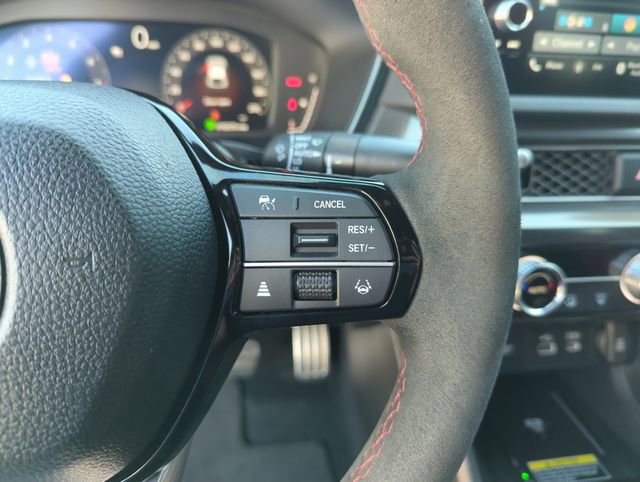 Used 2024 Acura Integra Type S image 22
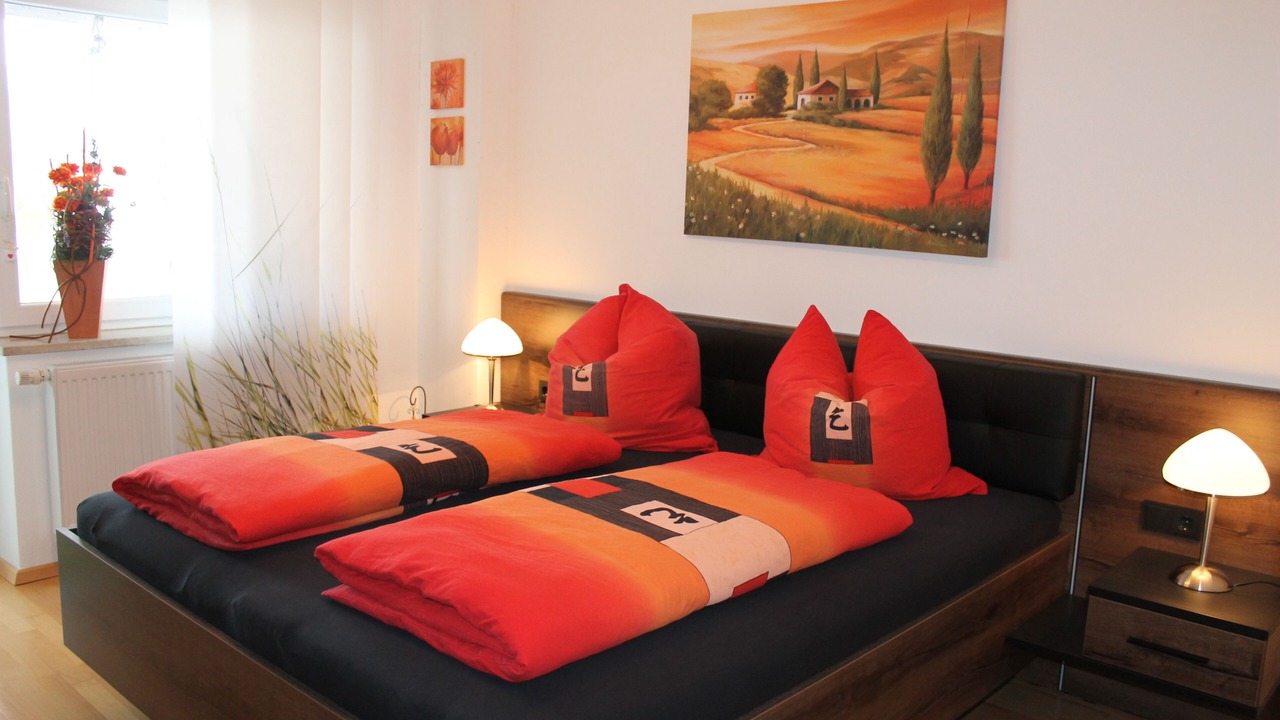Photo of Bedroom in Penzing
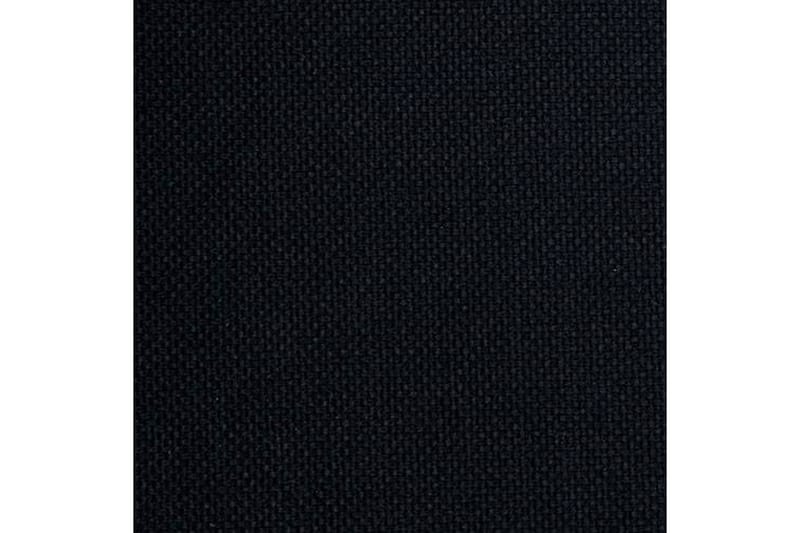 Buckfast Prydnadskudde 50x50 cm - Svart - Textil & mattor - Kudde & kuddfodral - Prydnadskudde & soffkudde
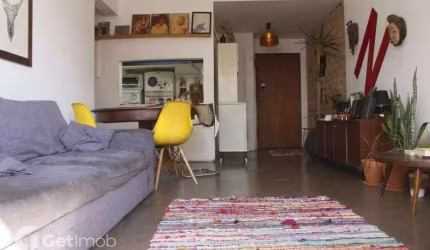 Apartamento com 2 quartos à venda na Avenida Thomas Edison, 473, Barra Funda, São Paulo por R$ 850.000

→ Problem description:
Type the lines above out again exactly as they appear, skipping every picture.

→ Your solution:
 Used 2024 Acura Integra Type S image 22
Photo of Bedroom in Penzing
 Buckfast Prydnadskudde 50x50 cm - Svart - Textil & mattor - Kudde & kuddfodral - Prydnadskudde & soffkudde
 Apartamento com 2 quartos à venda na Avenida Thomas Edison, 473, Barra Funda, São Paulo por R$ 850.000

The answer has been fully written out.